Brief: Your answer must be the listing repeated word for word, without its pictures.

• • •

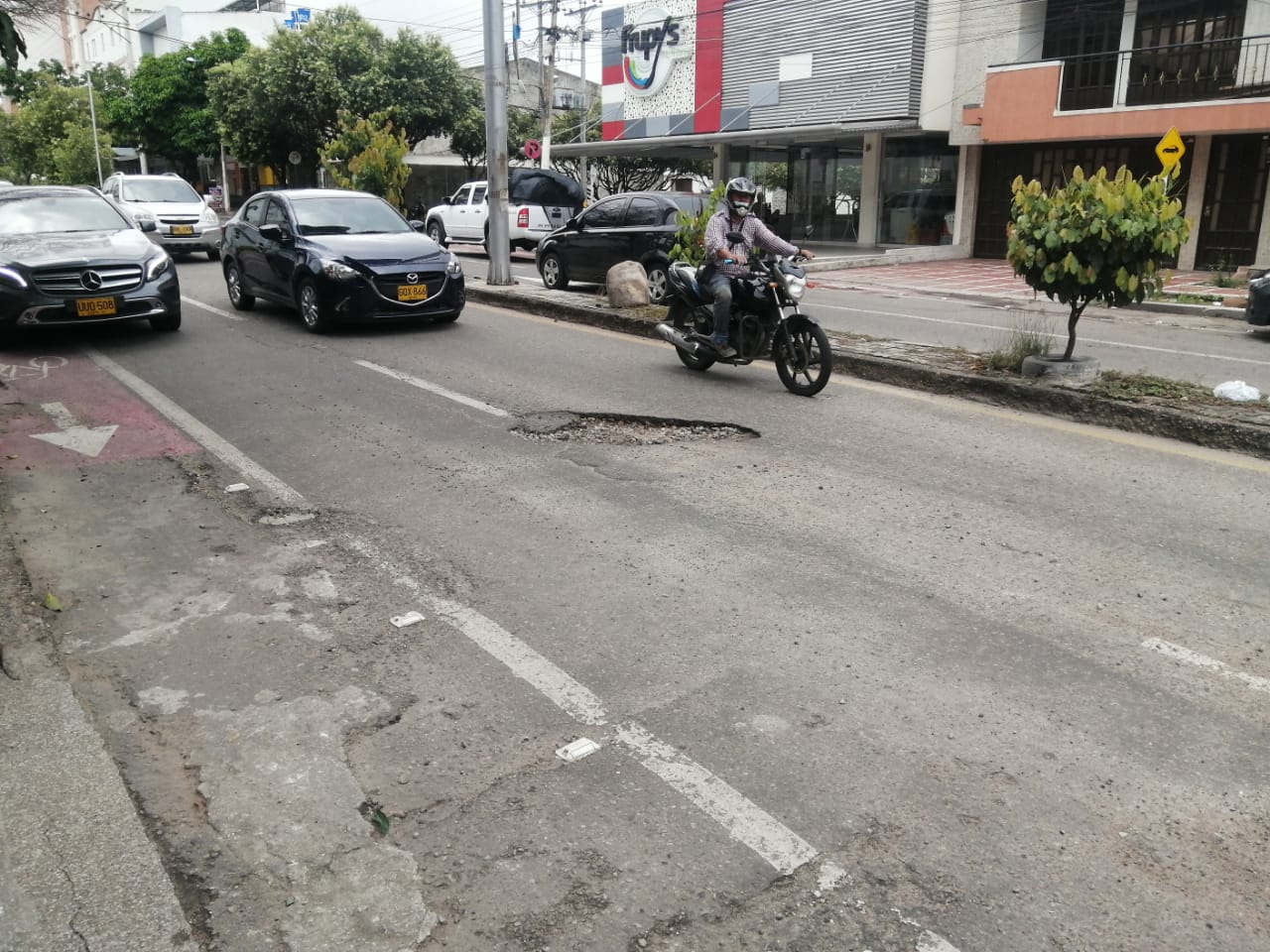 Huecos en la calle octava reclaman solución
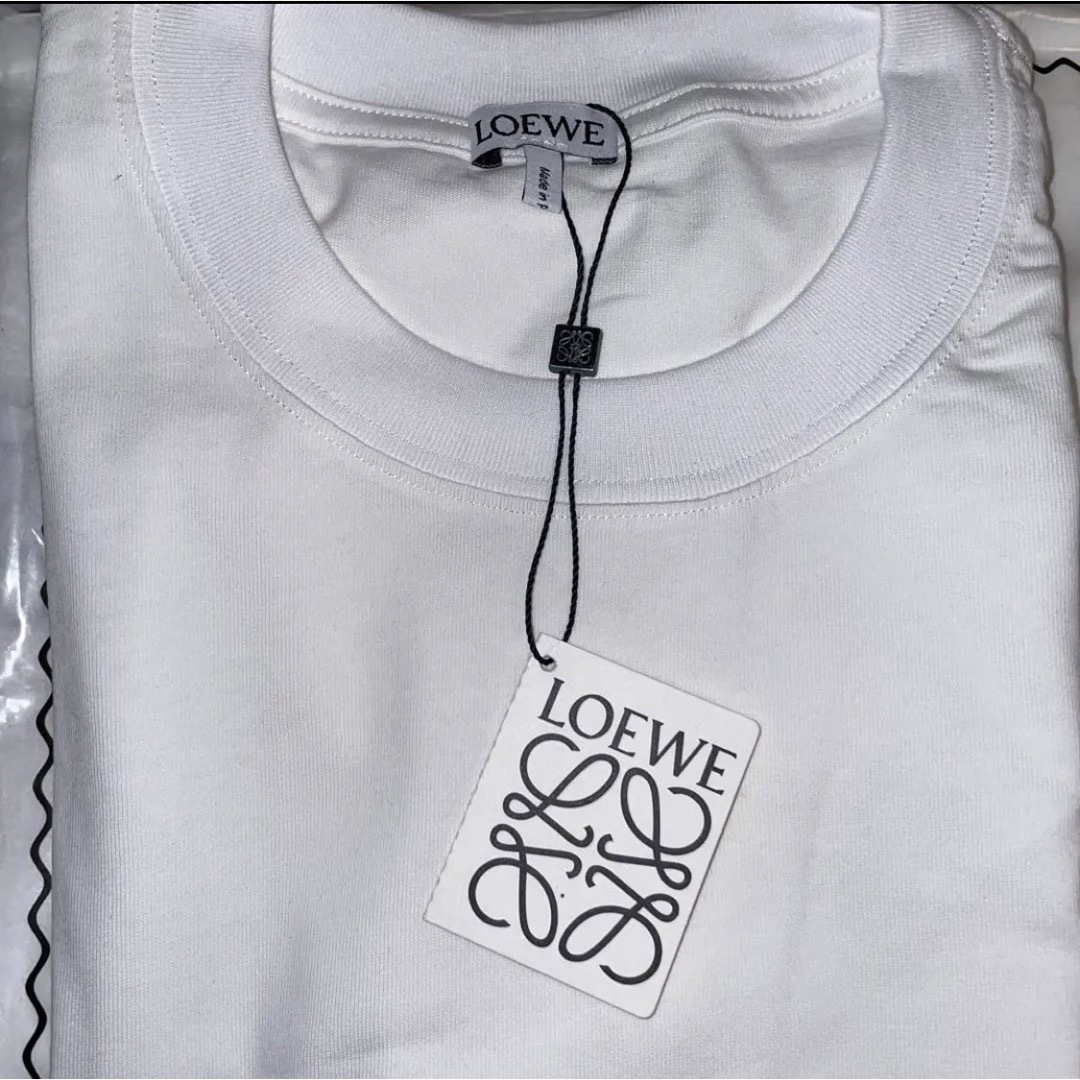 早い者勝ち” LOEWE Tシャツ 平野紫耀着用-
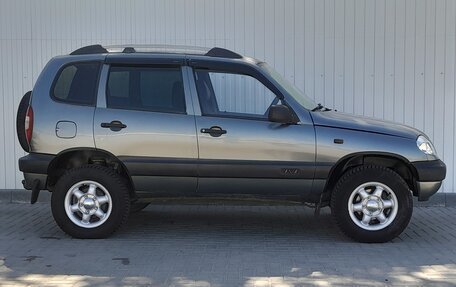 Chevrolet Niva I рестайлинг, 2005 год, 547 000 рублей, 8 фотография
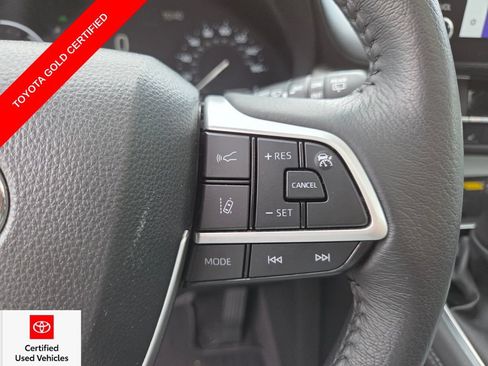 Certified 2025 Toyota Sienna XLE FWD image 32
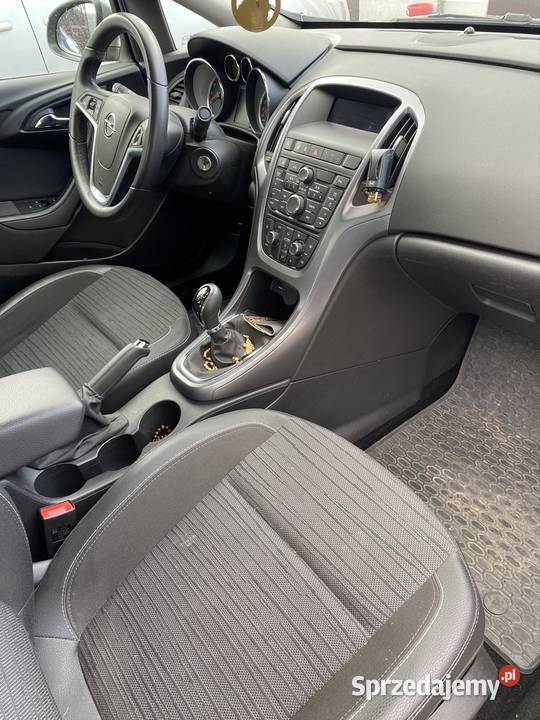Opel Astra 2017 benzyna gaz jeden właściciel 140KM Kłodawa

• • •

Task answer:
 Huecos en la calle octava reclaman solución
 早い者勝ち” LOEWE Tシャツ 平野紫耀着用-
 Chevrolet Niva I рестайлинг, 2005 год, 547 000 рублей, 8 фотография
 Certified 2025 Toyota Sienna XLE FWD image 32
Opel Astra 2017 benzyna gaz jeden właściciel 140KM Kłodawa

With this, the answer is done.